As with everything else, there is no one-size-fits-all solution to technology risk mitigation. Each lawyer must assess specifically the risks technology may pose to that lawyer’s practice and develop redundancies and safeguards applicable to the situation. Universal, however, is the angst we feel when in hindsight we learn that but for a simple nail, saved for times of trouble, we could have saved our kingdom.
Below are suggestions for technology-related nails that lawyers can lay by to prevent losing the kingdom for want of a nail.
Use Off-Site Data Storage and Backup
Losing access to electronic data on any device or system should not cripple a practice if it is properly prepared. Various scenarios can cause loss of access, including malware, theft or loss, and natural disasters.
Ransomware, virus, or other malware. Computer viruses and malware can wreak havoc on a law firm. Not only can these malicious pieces of code destroy data, but they can also be used to steal proprietary, sensitive, and confidential information. In addition, they can be used to hold a company’s data hostage.

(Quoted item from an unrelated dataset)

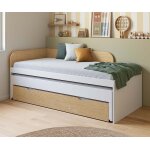 Ma chambre d'enfant lit gigogne adulte 3 places riza bois et blanc 90x200 cm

On June 5, 2017, global law firm giant DLA Piper published an article online titled “WannaCry ransomware attack was just the tip of the iceberg: 9 things you should know to protect your company from the next attack.” The article suggested best practices to defend and respond to ransomware attacks. Ironically, less than three weeks later, DLA Piper itself was brought to a complete standstill when it was hit by a similar ransomware attack. The global cyber event encrypted all of DLA Piper’s affected files and requested a ransom paid in bitcoin to restore access or avoid threat of deletion—the demand itself was never quite clear on exactly which.

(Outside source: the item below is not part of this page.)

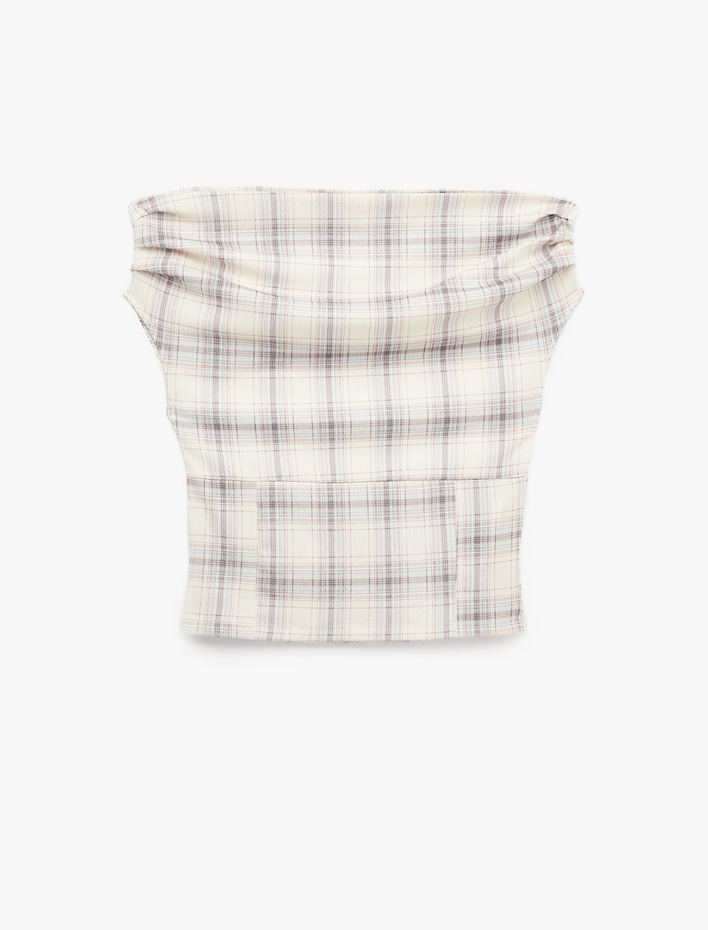  Slim Fit Kolsuz Drapeli Ekoseli Asimetrik Yaka Bluz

In the aftermath of the attack, it was reported that firm lawyers were functionally lost with nothing to do, having no access to their work or their emails for days. A firm executive was quoted in the Wall Street Journal as saying, “We had planned for the loss of a data center. What we hadn’t planned for—and in retrospect it sounds foolish—was the complete loss of everything.” This true-life scenario is a perfect example of the “do what I say, not what I do” maxim. While ensuring it gave sage advice to its clients, DLA Piper failed to lay aside the nails it needed to safeguard its own kingdom.

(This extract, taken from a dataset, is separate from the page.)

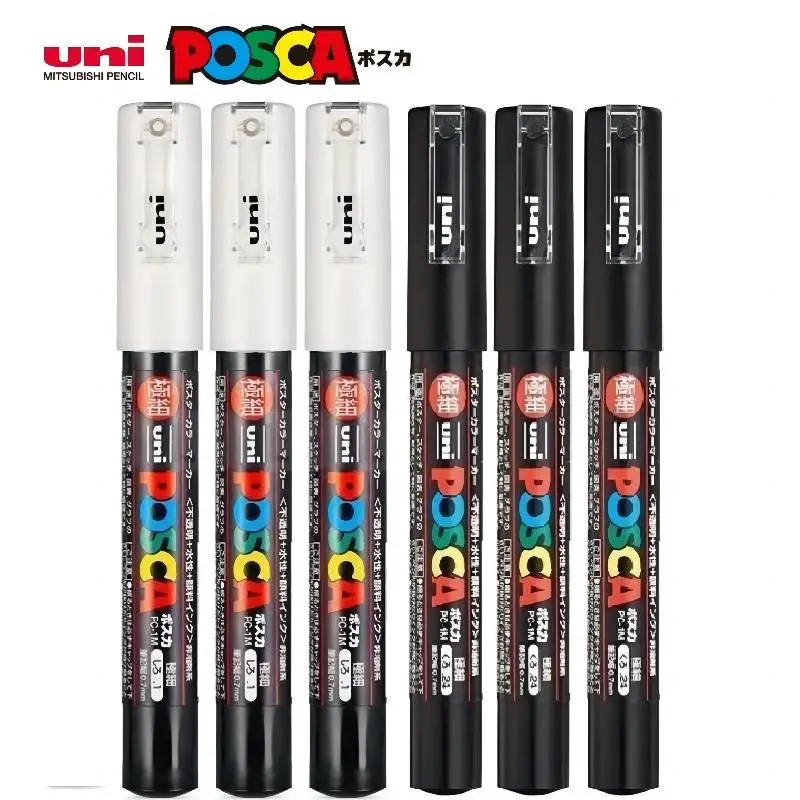 3pc UNI POSCA Marker Pen,White rotulador permanente Black Acrylic Graffiti PC 1M 3M 5M POP Pen For Glass Ceramic Leather Fabric 6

Theft or loss. Computers and other mobile devices are frequently stolen or lost. In 2016, Kensington, a company that supplies desktop and mobile device accessories, surveyed 300 company information technology (IT) professionals to determine the most common places employees experienced theft of IT devices. Cars and other modes of transportation occupied the number one spot. Coming in at second was the office. In one egregious case, a Palo Alto, California, law firm employee stole over 200 firm computers and sold them. Airports and hotels rounded out the top locations for IT theft.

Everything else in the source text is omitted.